In order to use Bayesian probability on spam email messages like this one, consider it (and all other emails, spam or ham) to be bags of words. We don't care about word order or even word meaning. We just want to count the frequency of certain words in spam messages versus the frequency of those same words in valid email messages.

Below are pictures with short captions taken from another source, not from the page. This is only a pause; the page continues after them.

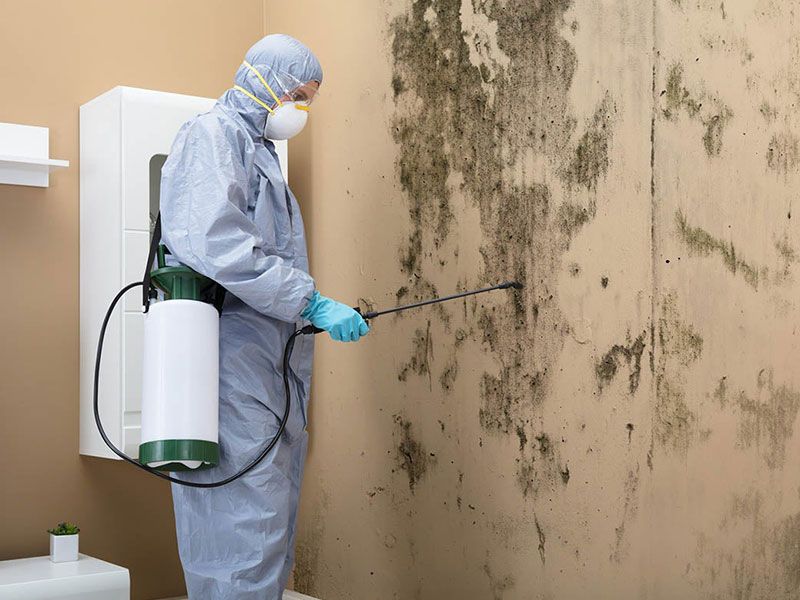 Mold Damage Removal- Step Towards Healthy Living!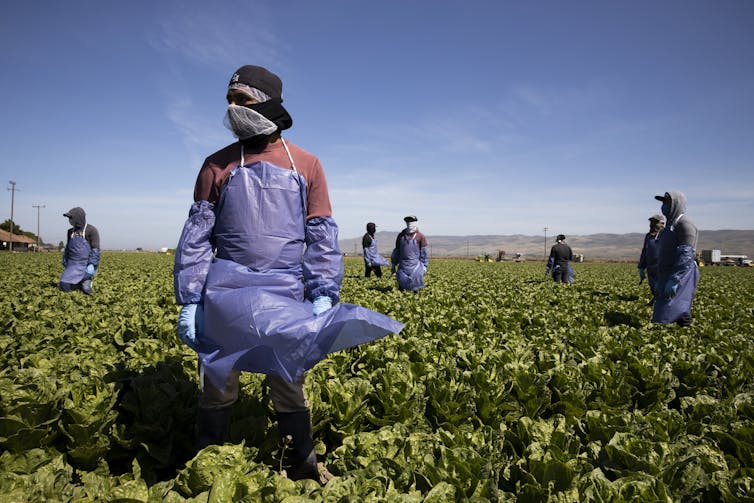 Farmworkers in a field in California.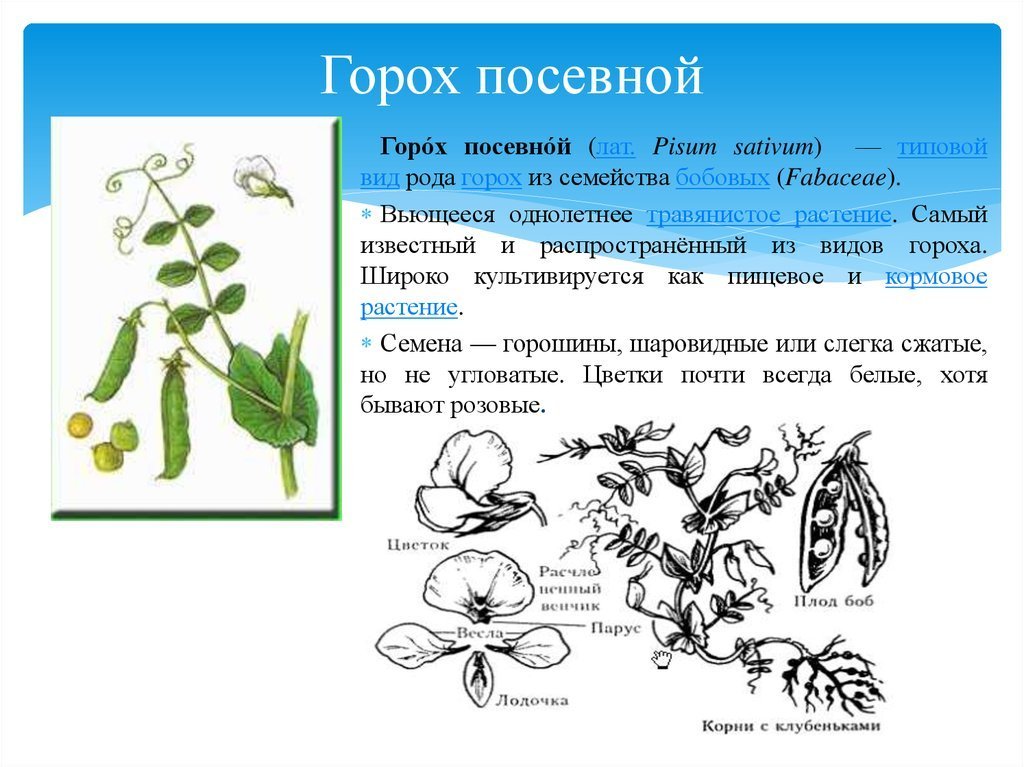 Листья бобовых сложные рисунок фото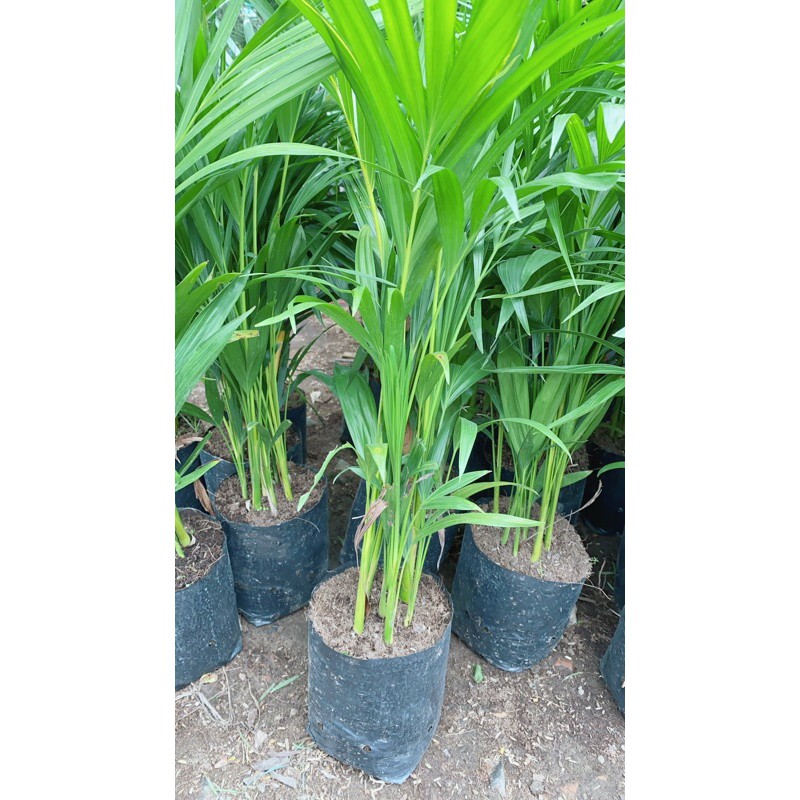 [HCM]Cây Cau Vàng Cao 60-70cm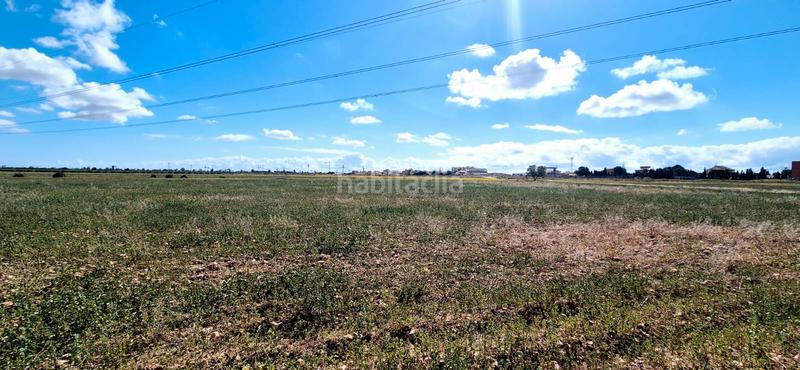 Foto 02499846-b02b-4833-bd06-25993c546c0d. Finca rústica en calle 187 parcela rustica en lomas del rame en Alcázares (Los)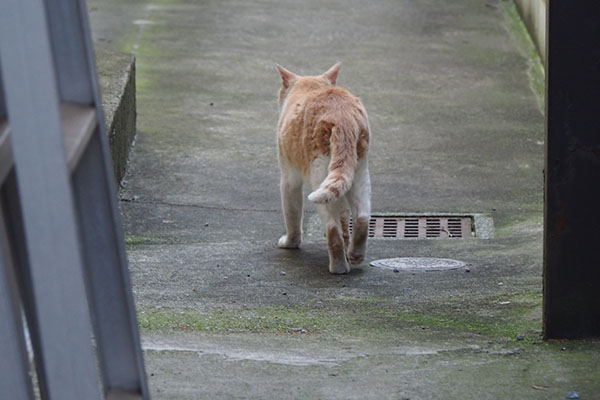 去ってゆくブラン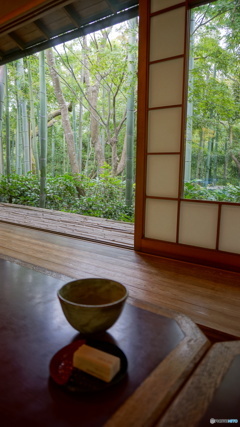 京都大河内山荘庭園。。　お茶をいただきながら・・・・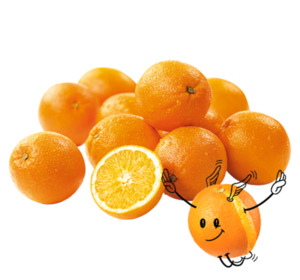 NATURGUT Bio-Orangen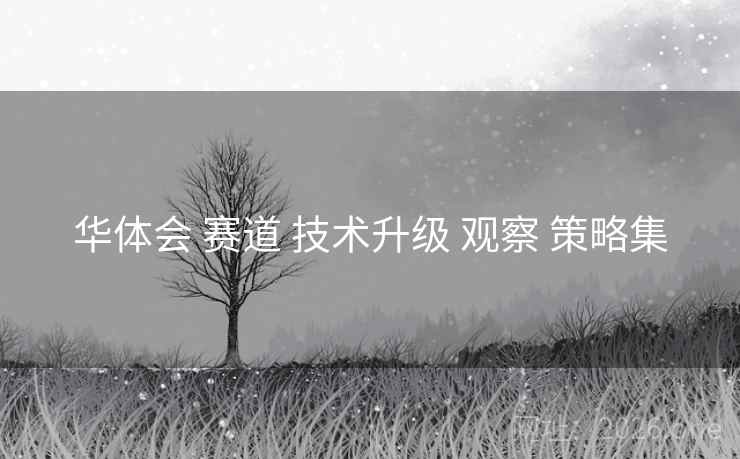 华体会 赛道 技术升级 观察 策略集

Let's say that, after having counted the words in hundreds of emails that we have received, we determine the probability of the word "debt" appearing in any kind of email message (spam or ham) to be 0.157, with the probability of "debt" appearing in spam messages being 0.309. Further more, let's say that we assume that there is a 50 percent chance that any given email message we receive is spam (for this example, we don't know either way what type of email it might be, so it's a coin flip). Mathematically, we could thus say:
 - Probability that a given message is spam: $P({\rm S})=0.5$
 - Probability that “debt” appears in a given message: $P({\rm debt})=0.157$
 - Probability that “debt” appears in a spam message: $P({\rm debt} \mid {\rm S})=0.309$

Plugging this in to Bayes' law, we get the following probability that an email message containing the word "debt" is spam:

$P({\rm S} \mid {\rm debt})=\cfrac{P({\rm debt} \mid {\rm S})P({\rm S})}{P({\rm debt})}=\cfrac{(0.309)(0.5)}{0.157}=\cfrac{0.1545}{0.157}=0.984$

Thus if an email contains the word "debt," we calculate that it is 98.4 percent likely to be spam.

## What makes it naive?

Our above calculation is great for looking at individual words, but emails contain several words that can give us clues to an email's relative likelihood of being spam or ham. For example, say we wanted to determine whether an email is spam given that it contains the words "debt" and "bills." We can begin by reasoning that the probability that an email containing "debt" and "bills" is spam is, if not equal, at least proportional to the probability of "debt" and "bills" appearing in known spam messages times the probability of any given message being spam:

$P({\rm S} \mid {\rm debt, bills}) \propto P({\rm debt, bills} \mid {\rm S})P({\rm S})$

(**Mathematical note:** The symbol ∝ represents proportionality rather than equality.)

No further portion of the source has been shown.